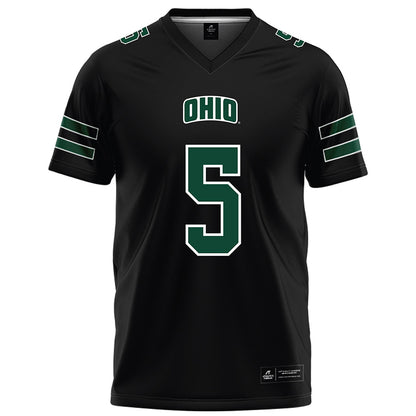 Ohio - NCAA Football : Kelly Sejour - Black Football Jersey-0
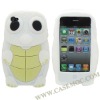 Cute Sea Turtle Silicone Case Cover for iPhone 4S / iPhone 4(White)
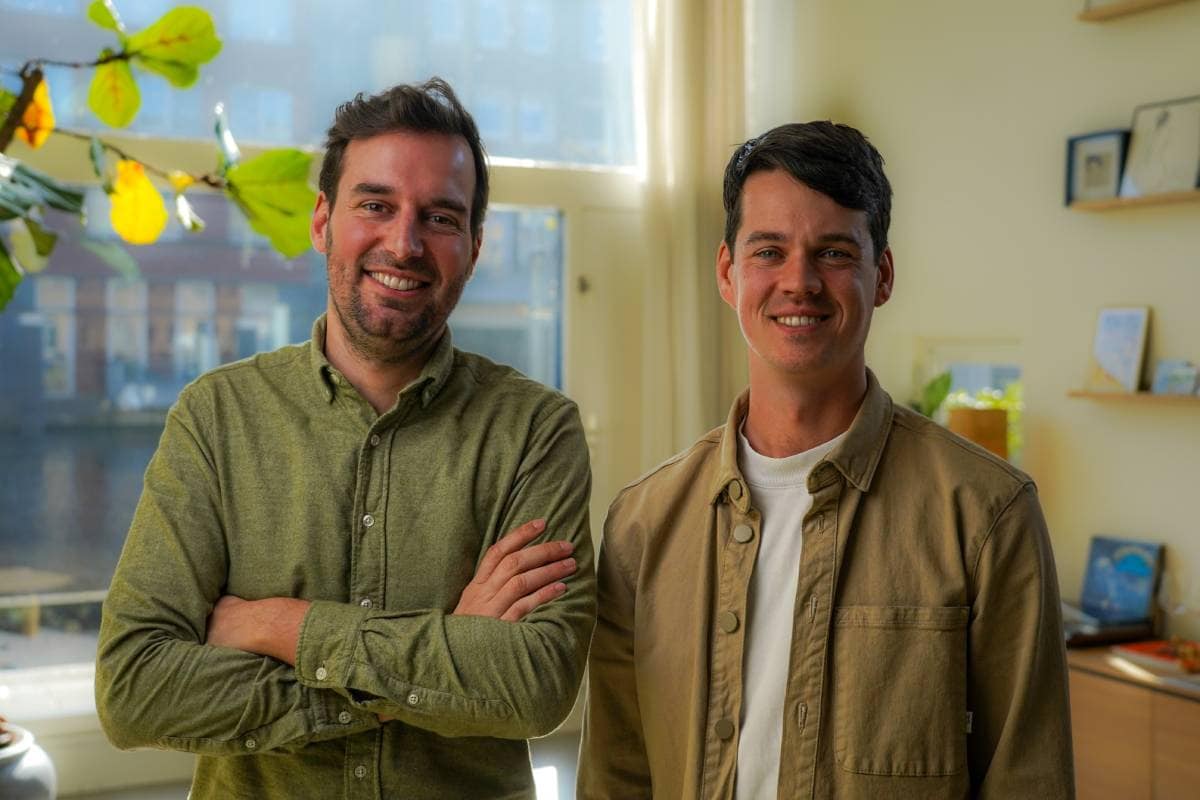 Martijn Obers en Richard Burger, medeoprichters van Swapfiets, oprichters van Eccasion. Foto: eigen beeld. Martijn Obers en Richard Burger, medeoprichters van Swapfiets, oprichters van Eccasion. Foto: eigen beeld.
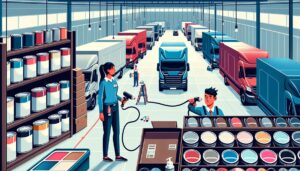 Illustration representing fleet care solutions: essential products for commercial vehicle valeting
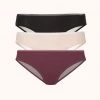 Wearlively The Mesh Back Bikini Bundle: Toasted Almond/Jet Black/Plum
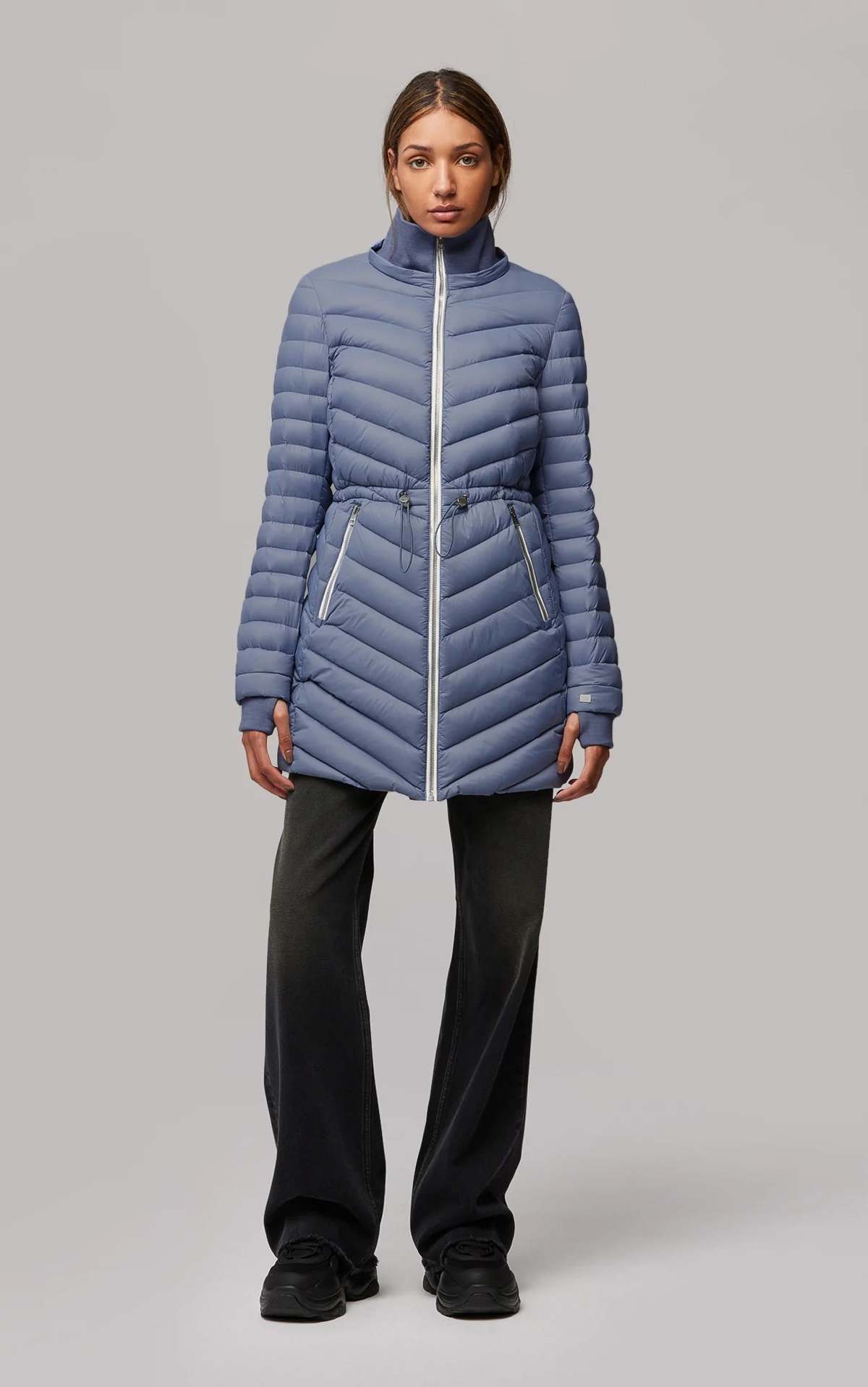 Soia & Kyo Janae Puffer Coat - Steel Powder - Image 6 of 7
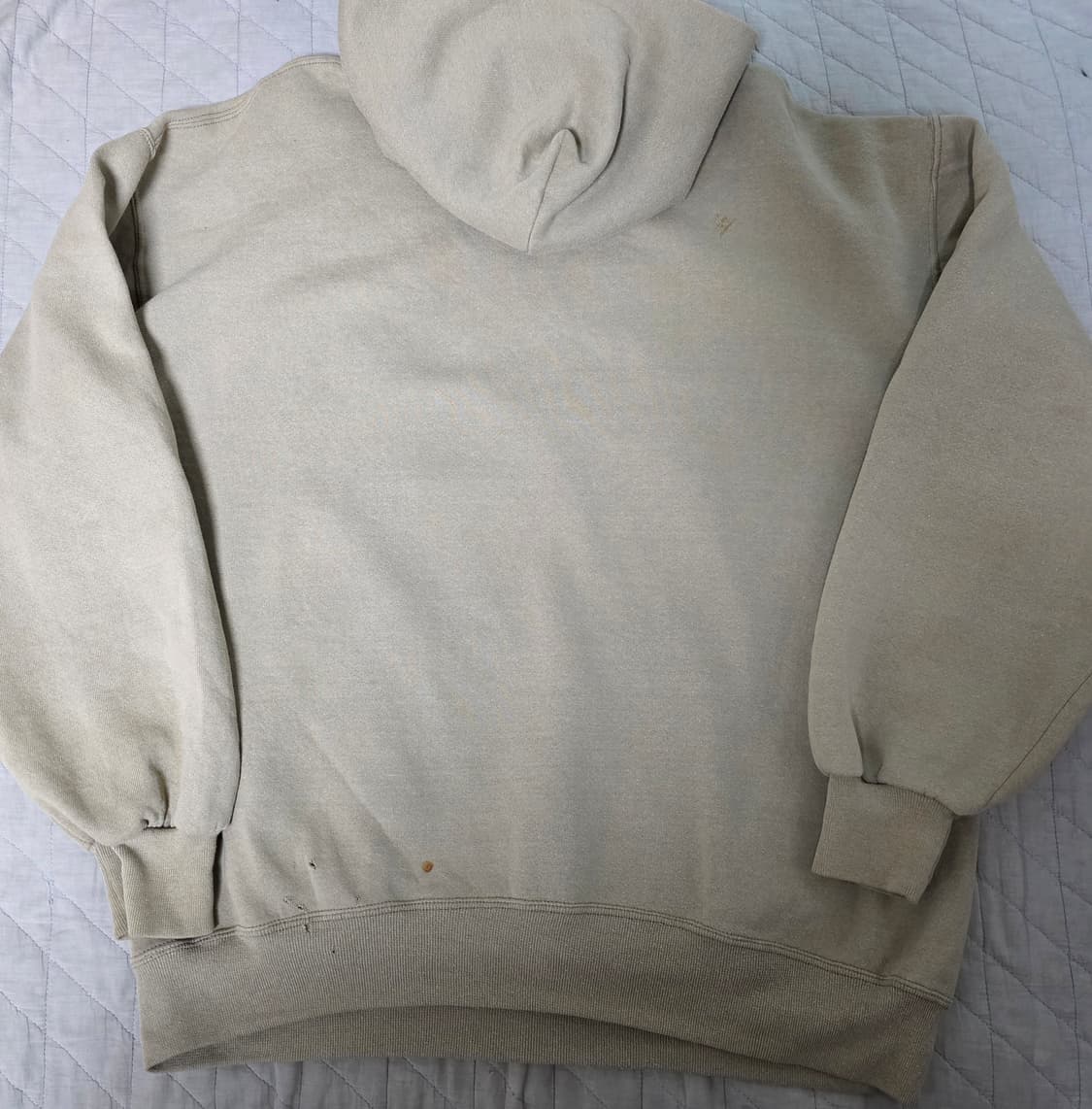 [XL] 90s 빈티지 러셀 애슬레틱 탄, 베이지 후디 후디 상품이미지4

—————

- [Required action]:
Take the lines from the one containing "Wearlively The Mesh" through the last line of the listing and repeat them exactly. Omit the pictures.

- [Finished task]:
 Wearlively The Mesh Back Bikini Bundle: Toasted Almond/Jet Black/Plum
 Soia & Kyo Janae Puffer Coat - Steel Powder - Image 6 of 7
 [XL] 90s 빈티지 러셀 애슬레틱 탄, 베이지 후디 후디 상품이미지4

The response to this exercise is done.